Tomić perde per squalifica Čerin (sostituito da Pavličić), ma ritrova Drmić, subito titolare. A Bjelica dei titolari manca il solo Kleinheisler, mentre Mierez è la punta di diamante. A centrocampo c’è Bočkaj, che in passato aveva spesso saputo far male ai fiumani. L’Osijek inizia decisamente meglio e nell’arco di un minuto crea due palle gol. Al 4’ Capan blocca un tentativo di Bohar, la palla arriva a Pilj, la cui conclusione viene deviata in angolo dal blocco fiumano. Sugli sviluppi dell’azione Mierez lascia partire una bordata da pochi passi, ma Nevistić si supera e neutralizza la minaccia. Il messaggio degli slavoni è forte e chiaro, a cospetto di un Rijeka che fatica a trovare il pallino del gioco. I quarnerini soffrono l’aggressività e la velocità degli ospiti, agendo principalmente di rimessa. Al 18’ è Bohar a sfiorare il vantaggio, stavolta con una conclusione dal limite. I padroni di casa si vedono per la prima volta al 20’: Murić lavora un pallone, si gira e calcia alto da posizione favorevole. Alla mezz’ora è il turno di Erceg, ma la mira è sbagliata. Il primo tempo si chiude con il quasi autogol di Danijel Lončar e il colpo di testa di Andrijašević, di poco alto.
Il copione non cambia troppo nemmeno nella ripresa, anche se il primo tentativo è di Štefulj, che non impensierisce troppo Ivušić. Al 55’ Cheberko stende Muriće Jović comanda il calcio di rigore, convalidato poi anche dal VAR. Dal dischetto batte lo stesso numero 7, ma Ivušić intuisce e respinge.
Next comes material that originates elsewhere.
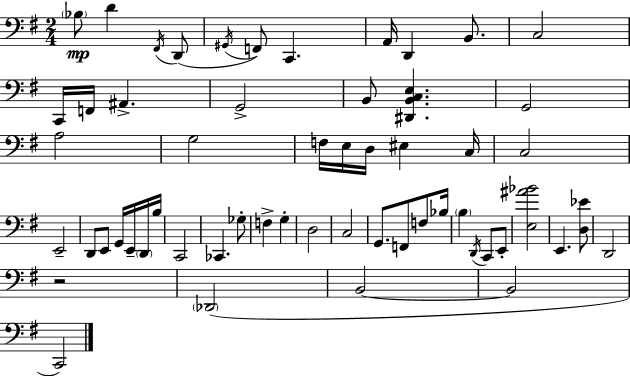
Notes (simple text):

In campo sale la tensione e fioccano le ammonizioni. Nell’arco di pochi secondi S. Lončar si prende il giallo, mentre D. Lončar sfiora di testa il vantaggio (bravissimo Nevistić). L’Osijek prende corraggio e torna a premere sull’acceleratore, seppur mancando di mordente. Inizia il solito festival delle sostituzioni, ma è Mierez a mettere i brividi a Nevistić con un semigirata alta. Poi ci prova Pilj, sempre con lo stesso esito. Le due squadre provano a vincerla, ma gli errori in fase di palleggio e di mira sono tantissimi. Come se l’emozione e l’imperativo dei tre punti giocassero brutti scherzi a entrambe. Lo 0-0 sembra quasi scontato e non può far felici nessuna delle due squadre. Il Rijeka interrompe così la serie di sei successi di fila in campionato e nei prossimi due turni sarà atteso da impegni difficilissimi: prima ci sarà la trasferta al Poljud e poi a Rujevica arriverà la Dinamo. Soltanto allora capiremo se il terzo posto finale sarà realtà, come del resto anche la qualificazione alla neonata Conference League.

RIJEKA (4-2-3-1): Nevistić, Tomečak, Capan, Galović, Smolčić, Pavičić, S. Lončar, Štefulj (dal 75’ Menalo), Andrijašević, Murić, Drmić (dal 69′ Kulenović). All.: Goran Tomić.
OSIJEK (3-4-3): Ivušić, Cheberko (dal 73’ Lopa), D. Lončar, Škorić, Silva, Pilj, Jugović, Bočkaj, Bohar, Erceg (dal 73’ Santini), Mierez. All.: Nenad Bjelica.
ARBITRO: Jović di Zagabria.
NOTE: stadio Rujevica. Ammoniti: Erceg, Capan, Andrijašević, Jugović, S. Lončar, D. Lončar, Santini, Smolčić, Škorić, Murić. Espulso D. Lončar al 91’ per doppia ammonizione. Al 57’ Ivušić para un rigore a Murić.